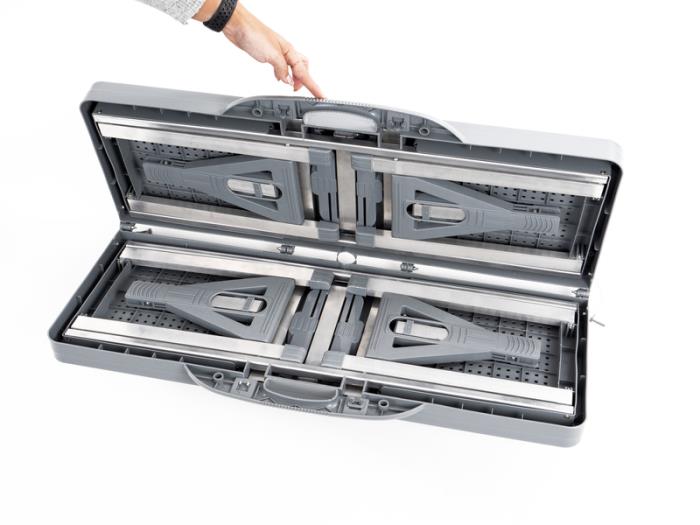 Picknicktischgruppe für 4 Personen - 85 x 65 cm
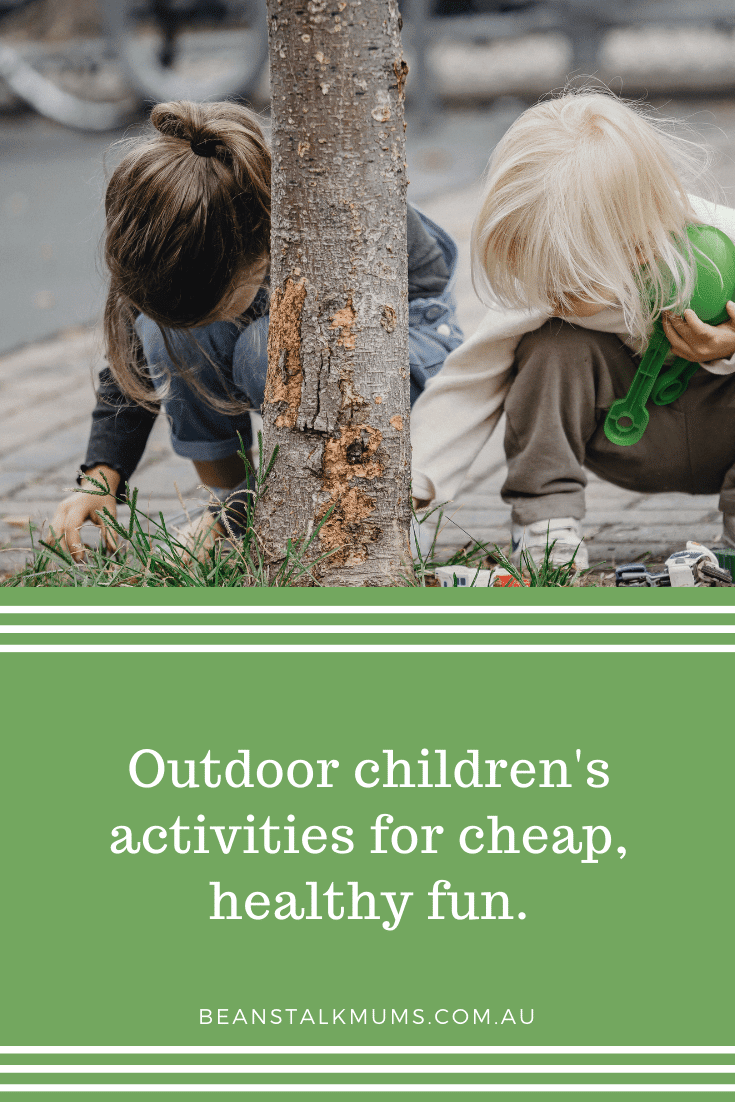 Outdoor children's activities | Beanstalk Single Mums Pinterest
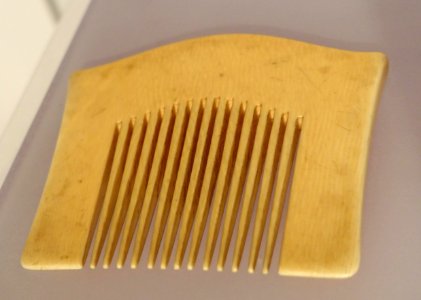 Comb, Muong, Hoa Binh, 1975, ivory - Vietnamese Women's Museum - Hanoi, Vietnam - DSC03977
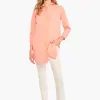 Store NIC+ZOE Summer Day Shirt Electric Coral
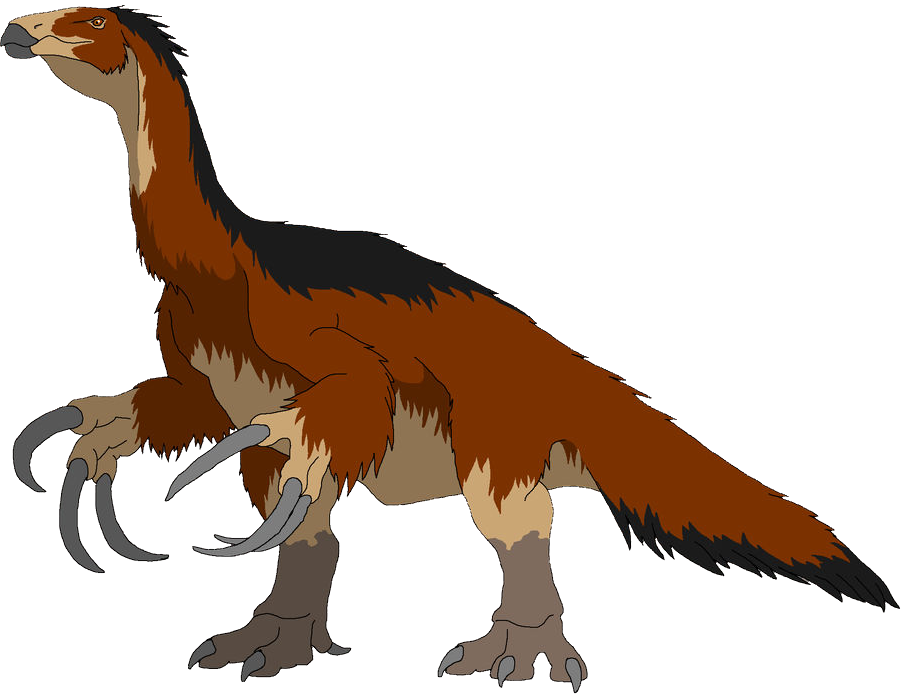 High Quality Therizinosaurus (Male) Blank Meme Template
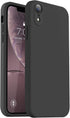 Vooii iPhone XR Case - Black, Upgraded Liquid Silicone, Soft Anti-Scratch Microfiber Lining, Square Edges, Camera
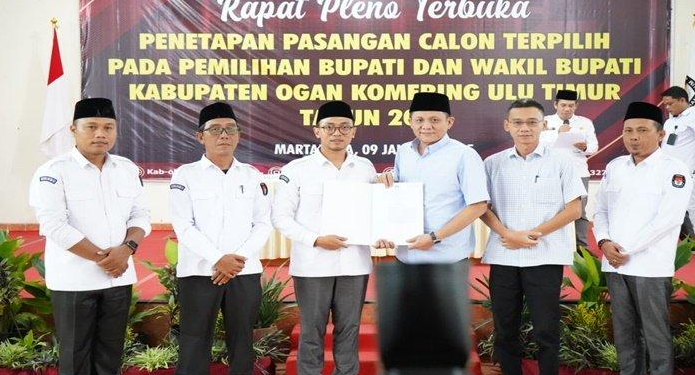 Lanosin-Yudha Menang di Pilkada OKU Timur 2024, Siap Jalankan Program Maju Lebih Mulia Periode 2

..............................

Exercise requirements: Could you give the material again exactly as it stands, omitting any image?

The answer:
 Picknicktischgruppe für 4 Personen - 85 x 65 cm
 Outdoor children's activities | Beanstalk Single Mums Pinterest
 Comb, Muong, Hoa Binh, 1975, ivory - Vietnamese Women's Museum - Hanoi, Vietnam - DSC03977
 Store NIC+ZOE Summer Day Shirt Electric Coral
 High Quality Therizinosaurus (Male) Blank Meme Template
 Vooii iPhone XR Case - Black, Upgraded Liquid Silicone, Soft Anti-Scratch Microfiber Lining, Square Edges, Camera
 Lanosin-Yudha Menang di Pilkada OKU Timur 2024, Siap Jalankan Program Maju Lebih Mulia Periode 2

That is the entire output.